• [What the task asks]
Write out again the lines from the line with "in Pediatric and" up to and including the line with "Infection ) Shower Curtains", exactly as they stand below, and skip any picture.

• [The data]

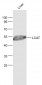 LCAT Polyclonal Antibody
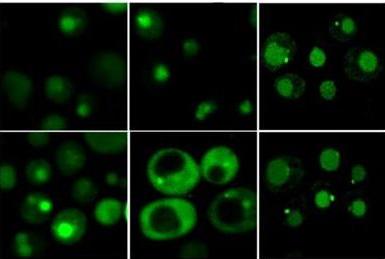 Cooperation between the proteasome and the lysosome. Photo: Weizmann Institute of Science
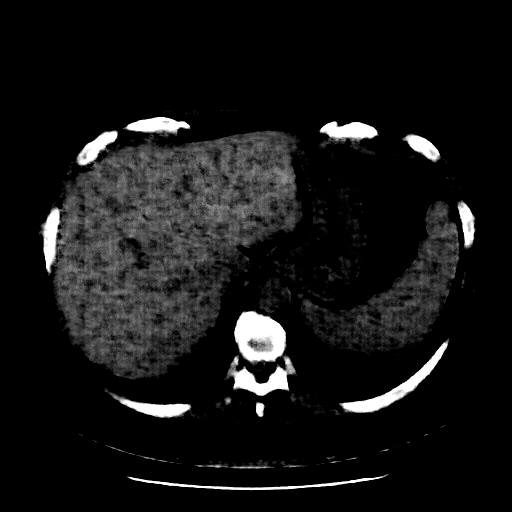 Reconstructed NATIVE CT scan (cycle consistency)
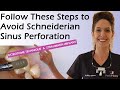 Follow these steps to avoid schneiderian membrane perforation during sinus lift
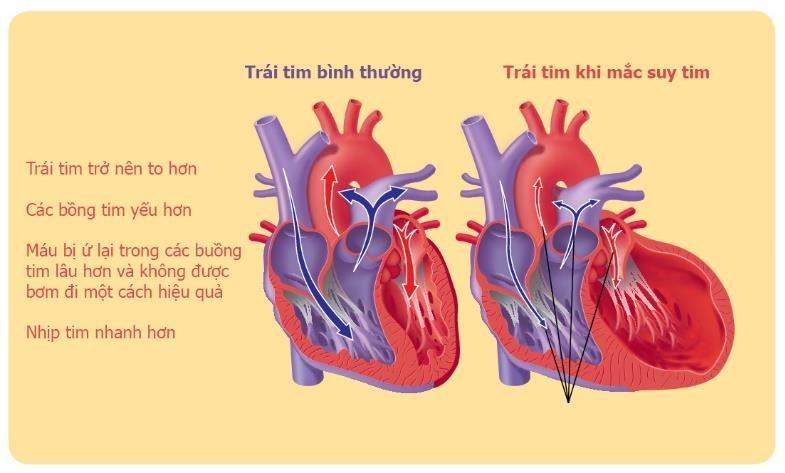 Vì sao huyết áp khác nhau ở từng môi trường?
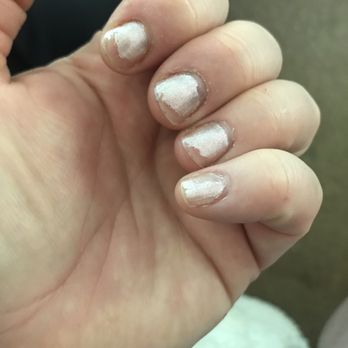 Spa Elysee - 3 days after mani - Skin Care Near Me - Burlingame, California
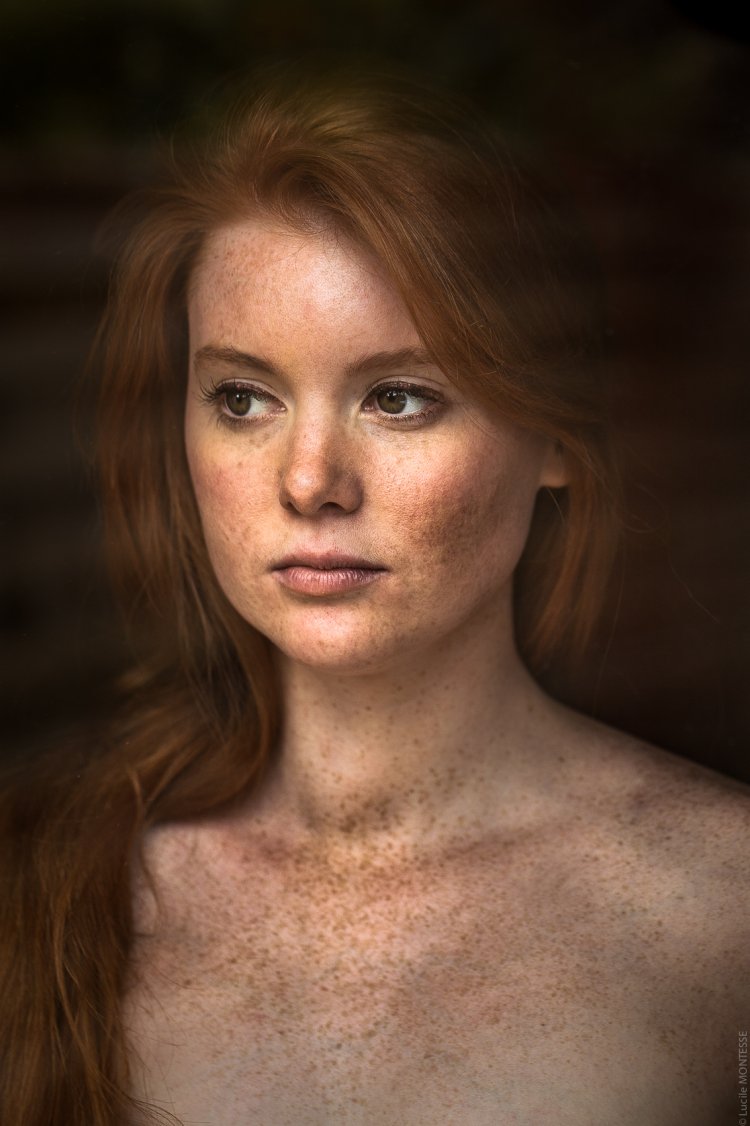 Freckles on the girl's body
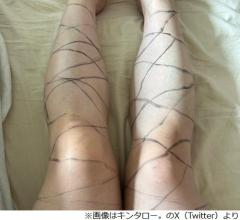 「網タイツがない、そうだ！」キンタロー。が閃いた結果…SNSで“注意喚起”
==
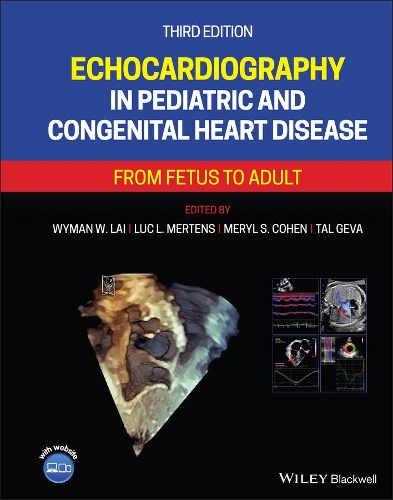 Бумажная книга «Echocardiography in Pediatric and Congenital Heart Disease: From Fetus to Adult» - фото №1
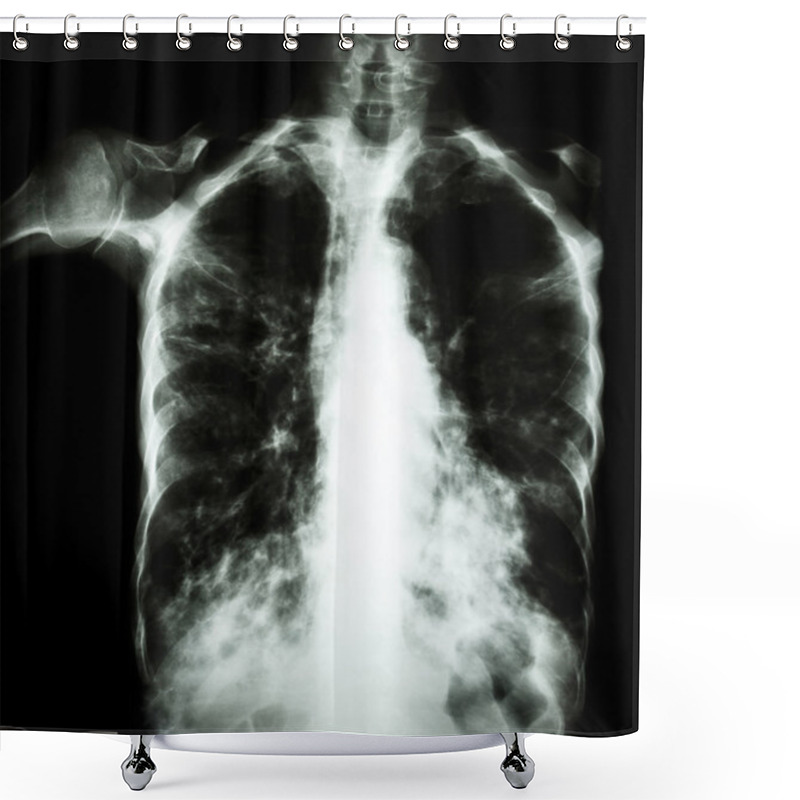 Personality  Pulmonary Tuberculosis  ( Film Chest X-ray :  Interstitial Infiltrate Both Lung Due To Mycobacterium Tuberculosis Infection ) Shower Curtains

• [Result for this task]
 Бумажная книга «Echocardiography in Pediatric and Congenital Heart Disease: From Fetus to Adult» - фото №1
 Personality  Pulmonary Tuberculosis  ( Film Chest X-ray :  Interstitial Infiltrate Both Lung Due To Mycobacterium Tuberculosis Infection ) Shower Curtains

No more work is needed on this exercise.